The fire department is leaderless and the water mains are too damaged to help. Gas mains, meanwhile, are exploding and the city’s mostly wooden edifices go up like kindling. Panicked citizens make things worse. There is an attempt to create firebreaks using dynamite to contain the burning, but this only sets off more fires. Additionally, because the insurance policies of the day only covered fire damage and not earthquakes, people begin to set their own dwellings and properties ablaze.

It is estimated that some 80% of San Francisco’s buildings had been burnt to the ground when all was over, with more than 3000 people dead and a quarter of a million citizens homeless.

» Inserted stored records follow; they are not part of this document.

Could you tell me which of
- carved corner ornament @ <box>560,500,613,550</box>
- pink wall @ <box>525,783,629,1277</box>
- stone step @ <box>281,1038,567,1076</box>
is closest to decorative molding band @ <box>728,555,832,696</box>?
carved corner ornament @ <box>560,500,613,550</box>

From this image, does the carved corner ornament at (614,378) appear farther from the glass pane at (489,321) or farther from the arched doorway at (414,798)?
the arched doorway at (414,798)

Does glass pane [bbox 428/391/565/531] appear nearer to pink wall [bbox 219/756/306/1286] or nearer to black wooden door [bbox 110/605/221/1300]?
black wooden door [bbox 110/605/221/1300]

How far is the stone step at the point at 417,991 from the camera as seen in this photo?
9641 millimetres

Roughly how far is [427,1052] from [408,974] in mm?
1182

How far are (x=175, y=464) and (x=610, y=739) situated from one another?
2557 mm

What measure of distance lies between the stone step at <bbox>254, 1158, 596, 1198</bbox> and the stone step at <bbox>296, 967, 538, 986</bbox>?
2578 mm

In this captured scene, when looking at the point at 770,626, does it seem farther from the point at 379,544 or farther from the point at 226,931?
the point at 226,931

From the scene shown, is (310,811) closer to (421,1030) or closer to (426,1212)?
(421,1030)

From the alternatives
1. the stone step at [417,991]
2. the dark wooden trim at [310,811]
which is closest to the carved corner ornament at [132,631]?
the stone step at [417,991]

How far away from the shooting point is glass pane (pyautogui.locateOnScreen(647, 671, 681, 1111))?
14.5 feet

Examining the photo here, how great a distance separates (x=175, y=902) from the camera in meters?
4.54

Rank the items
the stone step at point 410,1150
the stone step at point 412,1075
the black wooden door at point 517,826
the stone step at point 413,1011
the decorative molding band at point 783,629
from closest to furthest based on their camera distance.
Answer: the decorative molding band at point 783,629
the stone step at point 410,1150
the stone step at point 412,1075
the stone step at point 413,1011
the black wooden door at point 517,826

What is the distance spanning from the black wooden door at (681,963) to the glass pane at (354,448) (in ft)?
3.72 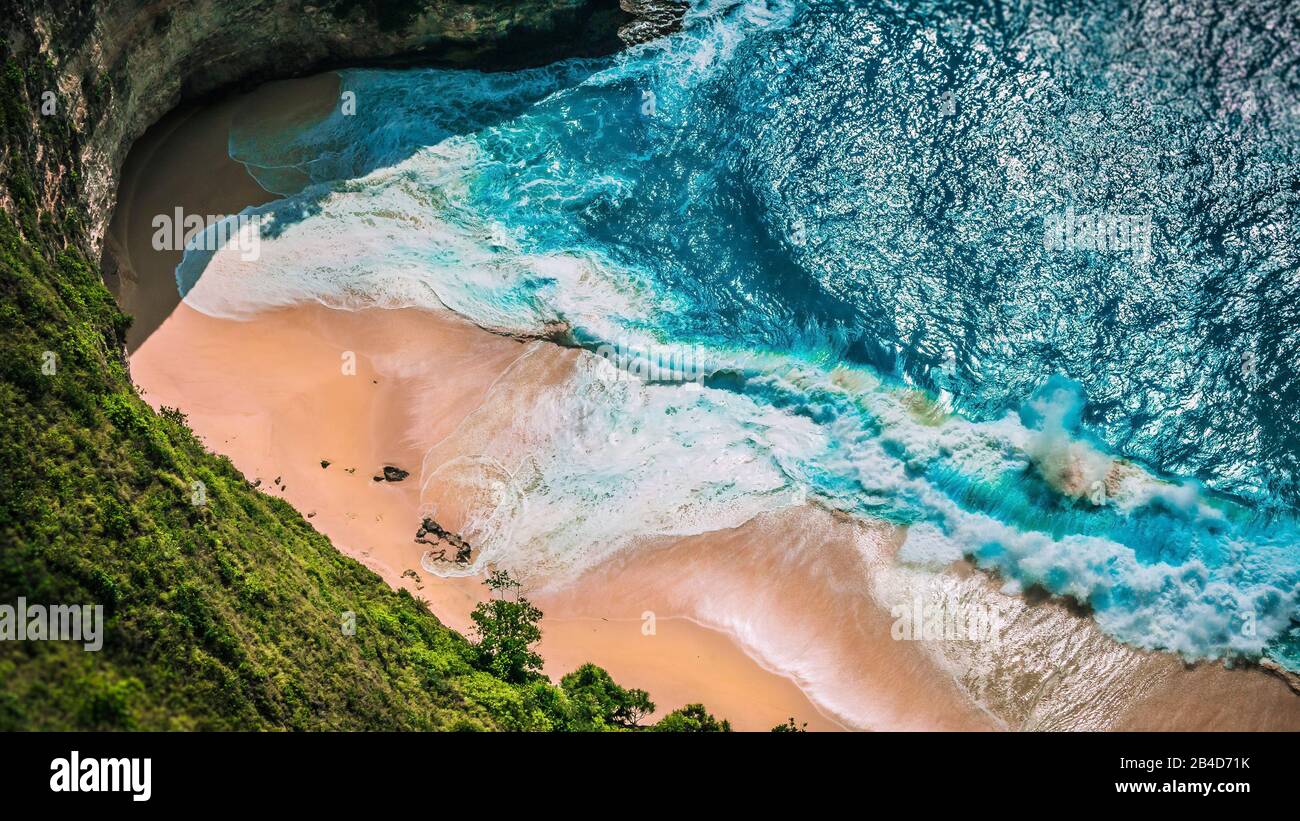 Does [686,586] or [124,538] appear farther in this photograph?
[686,586]

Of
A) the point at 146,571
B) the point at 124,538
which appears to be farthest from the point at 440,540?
the point at 124,538

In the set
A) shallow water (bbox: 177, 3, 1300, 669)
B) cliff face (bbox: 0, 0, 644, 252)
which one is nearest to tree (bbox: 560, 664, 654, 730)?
shallow water (bbox: 177, 3, 1300, 669)

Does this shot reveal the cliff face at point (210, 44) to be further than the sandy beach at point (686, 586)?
Yes

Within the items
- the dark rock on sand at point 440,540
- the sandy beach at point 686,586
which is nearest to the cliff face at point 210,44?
the sandy beach at point 686,586

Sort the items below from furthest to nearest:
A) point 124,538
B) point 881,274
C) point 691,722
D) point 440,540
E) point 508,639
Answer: point 881,274 < point 440,540 < point 508,639 < point 691,722 < point 124,538

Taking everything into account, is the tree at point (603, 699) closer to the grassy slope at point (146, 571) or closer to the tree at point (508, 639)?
the grassy slope at point (146, 571)

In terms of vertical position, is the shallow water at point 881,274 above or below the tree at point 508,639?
above

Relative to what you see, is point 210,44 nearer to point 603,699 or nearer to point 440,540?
point 440,540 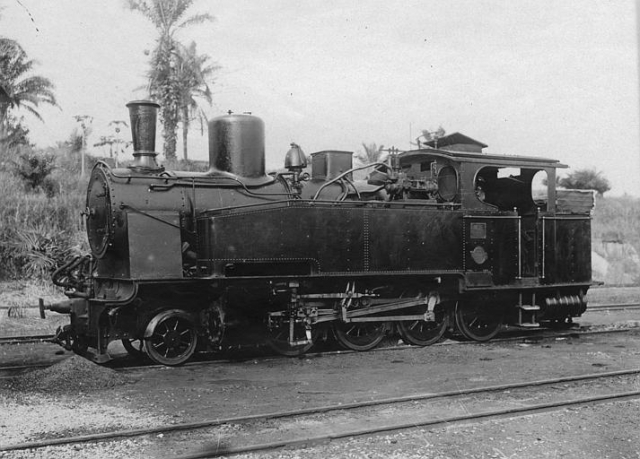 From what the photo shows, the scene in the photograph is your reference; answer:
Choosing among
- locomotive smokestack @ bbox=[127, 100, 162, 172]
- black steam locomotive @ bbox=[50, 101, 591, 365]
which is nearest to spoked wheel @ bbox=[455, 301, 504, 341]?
black steam locomotive @ bbox=[50, 101, 591, 365]

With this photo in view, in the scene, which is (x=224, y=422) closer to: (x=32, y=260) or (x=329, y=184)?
(x=329, y=184)

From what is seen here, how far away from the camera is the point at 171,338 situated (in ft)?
24.5

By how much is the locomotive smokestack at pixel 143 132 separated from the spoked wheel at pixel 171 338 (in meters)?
1.84

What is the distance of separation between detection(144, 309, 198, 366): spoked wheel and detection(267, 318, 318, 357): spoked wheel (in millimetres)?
966

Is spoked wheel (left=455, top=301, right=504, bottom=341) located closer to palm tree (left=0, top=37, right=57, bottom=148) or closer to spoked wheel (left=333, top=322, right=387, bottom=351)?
spoked wheel (left=333, top=322, right=387, bottom=351)

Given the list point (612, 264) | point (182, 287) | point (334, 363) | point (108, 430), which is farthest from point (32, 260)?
point (612, 264)

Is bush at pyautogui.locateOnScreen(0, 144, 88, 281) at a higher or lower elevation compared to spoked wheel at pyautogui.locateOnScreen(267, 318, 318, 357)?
higher

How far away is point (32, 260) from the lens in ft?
48.7

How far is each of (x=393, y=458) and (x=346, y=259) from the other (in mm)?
3910

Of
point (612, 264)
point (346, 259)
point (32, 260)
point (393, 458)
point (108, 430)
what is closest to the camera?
point (393, 458)

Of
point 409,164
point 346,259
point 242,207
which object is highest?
point 409,164

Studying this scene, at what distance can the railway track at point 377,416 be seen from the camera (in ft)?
15.3

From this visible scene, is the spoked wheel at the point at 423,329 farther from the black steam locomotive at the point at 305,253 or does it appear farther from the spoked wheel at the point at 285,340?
the spoked wheel at the point at 285,340

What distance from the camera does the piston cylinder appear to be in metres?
8.48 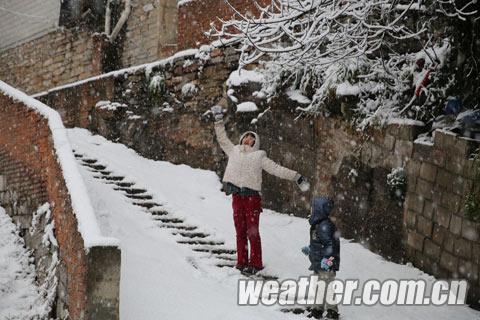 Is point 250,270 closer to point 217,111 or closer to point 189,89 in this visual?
point 217,111

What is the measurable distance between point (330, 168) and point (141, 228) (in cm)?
274

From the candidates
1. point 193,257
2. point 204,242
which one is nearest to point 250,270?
point 193,257

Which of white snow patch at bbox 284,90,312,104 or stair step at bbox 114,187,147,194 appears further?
stair step at bbox 114,187,147,194

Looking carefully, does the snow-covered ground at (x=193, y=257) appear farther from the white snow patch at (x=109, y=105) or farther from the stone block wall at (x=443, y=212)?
the white snow patch at (x=109, y=105)

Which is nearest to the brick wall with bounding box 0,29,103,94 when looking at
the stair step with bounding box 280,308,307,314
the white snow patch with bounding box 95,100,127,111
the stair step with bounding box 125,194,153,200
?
the white snow patch with bounding box 95,100,127,111

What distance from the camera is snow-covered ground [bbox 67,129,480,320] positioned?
5.41m

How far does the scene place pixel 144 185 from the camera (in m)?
9.03

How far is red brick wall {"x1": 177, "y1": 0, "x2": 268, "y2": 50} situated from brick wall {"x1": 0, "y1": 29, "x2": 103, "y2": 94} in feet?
15.4

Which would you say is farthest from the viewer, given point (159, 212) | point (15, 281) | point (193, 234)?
point (159, 212)

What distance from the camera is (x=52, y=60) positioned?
60.2 feet

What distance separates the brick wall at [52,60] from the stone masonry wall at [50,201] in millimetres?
6276

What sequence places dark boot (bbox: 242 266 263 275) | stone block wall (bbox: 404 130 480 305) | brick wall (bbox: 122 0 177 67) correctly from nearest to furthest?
stone block wall (bbox: 404 130 480 305) → dark boot (bbox: 242 266 263 275) → brick wall (bbox: 122 0 177 67)

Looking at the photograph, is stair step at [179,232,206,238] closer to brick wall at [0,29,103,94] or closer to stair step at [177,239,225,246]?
stair step at [177,239,225,246]

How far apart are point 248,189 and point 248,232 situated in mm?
492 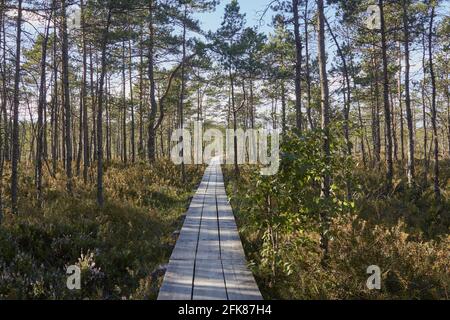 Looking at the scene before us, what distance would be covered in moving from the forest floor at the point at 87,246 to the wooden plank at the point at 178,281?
209 mm

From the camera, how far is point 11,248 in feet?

It is the worst natural disaster in the history of California and, arguably, the United States.

When the dead-cat bounce in the stock market fades and rolls over that spring, the Boy Plunger finds himself with $250,000 in gains, an enormous windfall from stock speculation at the turn of the century. He covers his short into the second sell-off as the world realizes how bad the destruction actually is. The estimates for losses caused, to be borne by the nation’s largest insurance companies, total $400 million – an astonishing sum.

By the height of summer, Livermore is playing the true market recovery, which doesn’t begin until the end of July. He is now extremely long shares of Union Pacific, betting on its rise, as his brokers scream at him that he is crazy. The chronology looks like this:

1906

Back to 2016 – We have seen our geopolitical earthquake and the damage from the initial tremors across financial markets. What we have not yet seen is the dead-cat bounce, where the optimistic decide that more is being made of the event than is necessary.

After this initial bounce, investors will then concern themselves with the more intermediate-term issues about whether or not a recession will be triggered, and what this means for the multiples of risk assets and the potential for earnings growth in general around the world. The force of these next-level concerns will likely serve as a ceiling for the bounce and may even drive us to revisit the recent lows, if the earthquake analog holds.

If Brexit does, in fact, resemble the unleashing of an earthquake, then patience will be the opportunistic investor’s biggest virtue now, not boldness.

One hundred and ten years ago this summer, an earthquake shocked the country. There was a panic, then a bounce, then a depressing reality set in and the bounce was gone.

And then, after all illusions about the cost of the event were dispelled – and only after – could the markets recover anew.